Overseas staff look to their employer to help them through Covid-19
For employees working abroad, the Covid-19 pandemic can be an isolating and fearful time. Now, more than ever before, they will be looking to their employer to provide support, whether physically or emotionally. Whilst employers may feel as though their hands are tied, particularly with border and flight restrictions in place, there is still a lot they can do to provide valuable health and wellbeing support to overseas workers.
Sarah Dennis, Head of International at Towergate Health & Protection said: “Letting staff know they are not alone in this and their health and wellbeing remains the top priority is a message that all employers need to be sending right now. Overseas workers can be even more vulnerable to the strains of a global pandemic, being separated from all they find familiar, and knowing that their health and wellbeing is supported can help alleviate some of the pressure.”
Employees may well be concerned about their own physical health, as well as that of any dependants, during a time when medical establishments are stretched due to Coronavirus. Whilst medical facilities and treatments might not be as readily available as before, now is the time for companies to talk to benefits providers and advisers to see what options are available within existing schemes or what can be included. Where physical support for new or ongoing medical conditions can’t be administered in traditional ways, advisers can highlight alternative options. Solutions such as virtual GP services and online physiotherapy sessions to treat musculoskeletal injuries, for example, are just some of the innovative ways care can be provided when face-to-face options are limited.

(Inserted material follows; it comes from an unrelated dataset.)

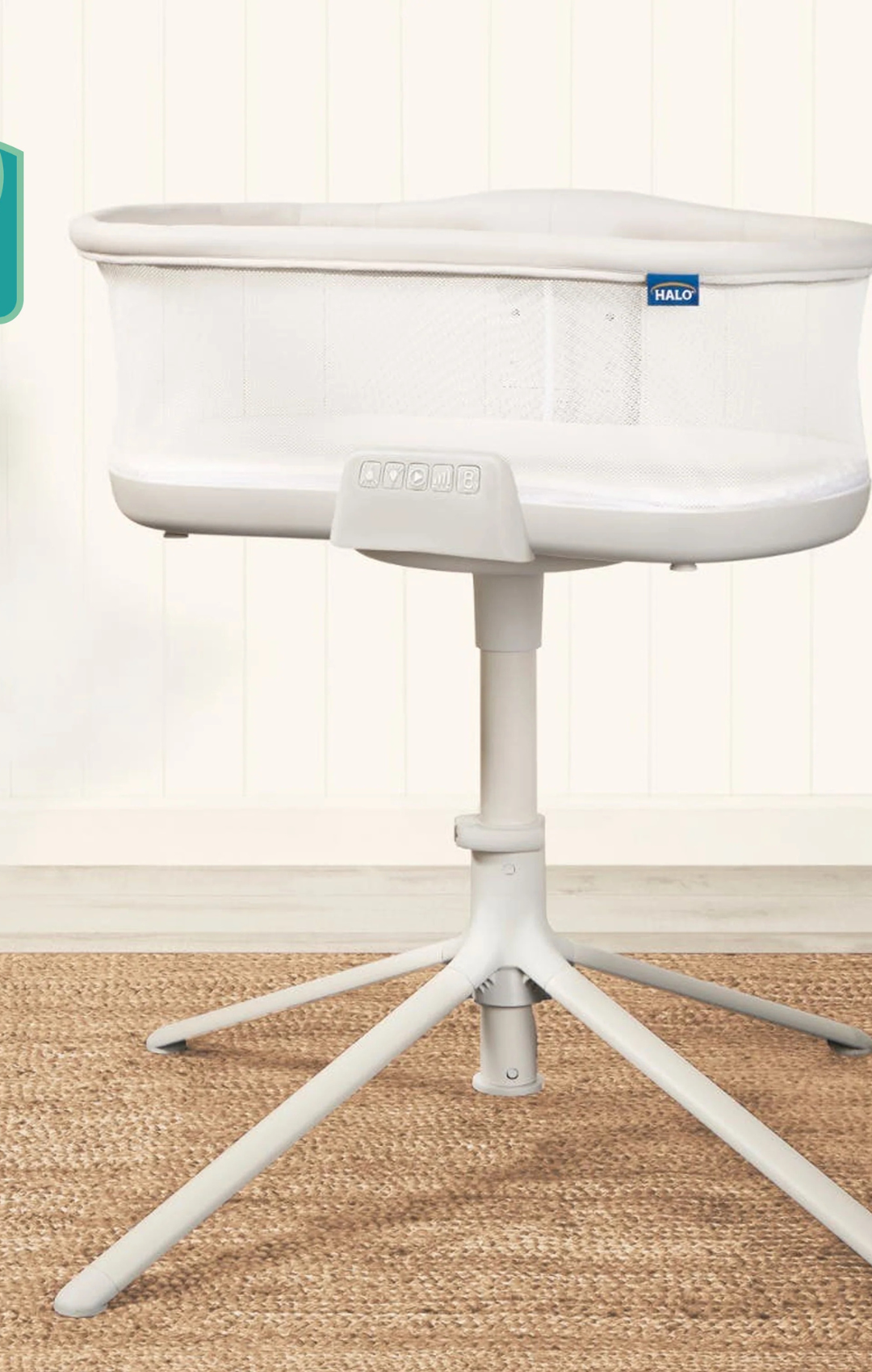 Halo Grey Bassinet Soothing Swivel Sleeper 3.0S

When medical treatment is needed - for instance in the case of an emergency - international private medical insurance schemes (IPMI) in particular, can really come into their own. While repatriating people to another country may be difficult in the current climate, healthcare providers have good networks and can advise on the best course of action, including availability and appropriateness of potential alternative medical facilities depending on the specific need.
Continuity in chaos
Providing continuity and consistency of benefits is particularly important during a pandemic. Some employees, and possibly their families, may be undergoing treatment via their IPMI, but due to confidentiality obligations owed by the insurer to the claimant, employers will not know which employees or family members are receiving treatment or the reasons why. So, this is a time to ensure such benefits are continued, and not scaled back, or employers risk leaving employees to fend for themselves to try and continue treatment - which can be particularly difficult overseas.
Importance of supporting emotional wellbeing
When the world has turned upside down for many people, it’s crucial employers provide emotional support for staff. Global employee assistance programmes can be extremely valuable as they can provide a helpline for employees to talk to someone during an uncertain time. Providing emotional support can make a significant difference to how they cope in a volatile situation.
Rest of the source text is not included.